» **ACTION ITEM**: Lines from the one with "Paris, destination affaires" to the end of the material, both included: print them exactly and print nothing else. Omit the pictures.

» **DATA SUPPLIED**:
[Start of section]

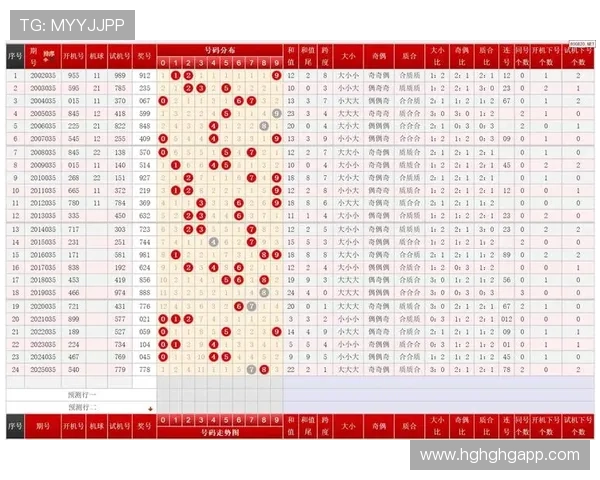福彩3D开奖走势图最新开奖号码与历史数据全面解析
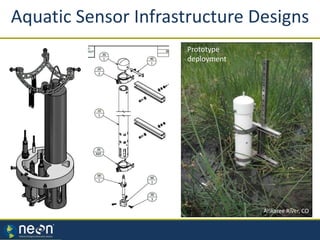 Arikaree River, CO
Prototype
deployment
Aquatic Sensor Infrastructure Designs
 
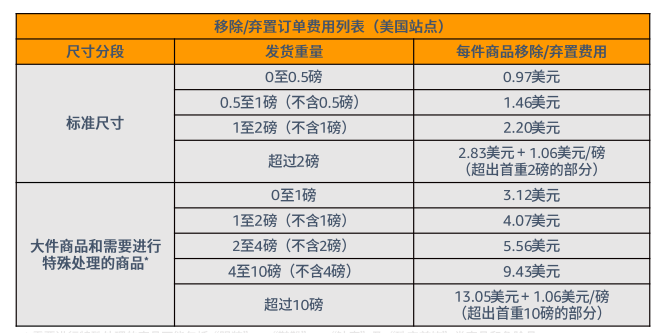 亚马逊FBA费用详细(亚马逊FBA物流费用计算)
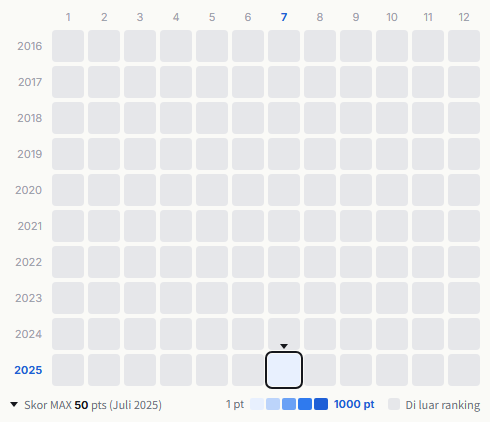 Sandaime J Soul Brothers heatmap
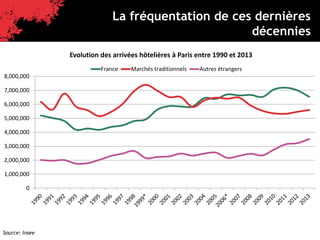 Paris, destination affaires
Quelques chiffres
La fréquentation de ces dernières
décennies
Source: Insee
0
1,000,000
2,000,000
3,000,000
4,000,000
5,000,000
6,000,000
7,000,000
8,000,000
Evolution des arrivées hôtelières à Paris entre 1990 et 2013
France Marchés traditionnels Autres étrangers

[End of section]

» **RESULT**:
 Paris, destination affaires
Quelques chiffres
La fréquentation de ces dernières
décennies
Source: Insee
0
1,000,000
2,000,000
3,000,000
4,000,000
5,000,000
6,000,000
7,000,000
8,000,000
Evolution des arrivées hôtelières à Paris entre 1990 et 2013
France Marchés traditionnels Autres étrangers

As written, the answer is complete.